On 09/29/2016 11:01 PM, Wesley Weber wrote:
Yes, I thought more about this and I am essentially exposing the
database structure as a public interface. Therefore, I should not make
any backwards-incompatible changes between non-major versions.

When there is a backwards-incompatible change in say, v1.x.x to v2.0.0,
is there a way to coordinate this? Or would you just instruct ops to run
the migrations in a specific order (e.g. update all the plugins to the
last 1.x version, which might drop foreign key constraints, then upgrade
the main project, then upgrade the plugins to the 2.x version which
creates the new constraints).

I think what you can do on your end is organize your alembic revisions into major versions of your project. that way someone can run your upgrades to the end of the 1.x.x series, you can backport migrations into 1.x.x, etc. a consuming api could manage their own migrations among your siloed versions. I haven't stepped through the details of this but Openstack Neutron has things set up this way, because they support external plugins with their own migrations.





On Thursday, September 29, 2016 at 9:46:59 PM UTC-4, Mike Bayer wrote:



    On 09/29/2016 07:52 PM, Wesley Weber wrote:
    > I have an uncommon use case that might or might not be supported (or
    > even a good idea):
    >
    > I have a main, independent project with its own tables. I would
    like to
    > keep track of migrations of its database. I will also have several
    > "plugin" projects, which can add functionality to the main software.
    > These may create and manage their own tables, and the main project
    need
    > not know about them. They may not even share the same source tree.

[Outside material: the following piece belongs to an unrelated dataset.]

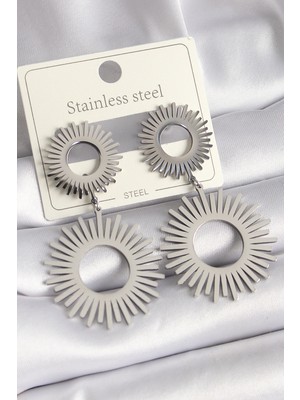 Net Damla 316L Çelik Gümüş Renk Sallantı Güneş Model Kadın Küpe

    this is actually a common use case.

    > However, I would like to support referential integrity in the tables
    > created by the plugin projects (e.g., there might be a "users"
    table in
    > the main project, and the plugin might add its own "users_extra_info"
    > table referencing the "users" table).
    >
    > I know how to have the plugin projects use their own alembic
    folder and
    > use a different alembic_version table, but what happens when the main
    > project undergoes a migration that breaks referential integrity
    with the
    > plugin projects? (the "users" table changes, violating foreign
    keys in
    > "users_extra_info" from another project, for example). Is there a
    way to
    > handle this? Alternatively, is this not a good design pattern?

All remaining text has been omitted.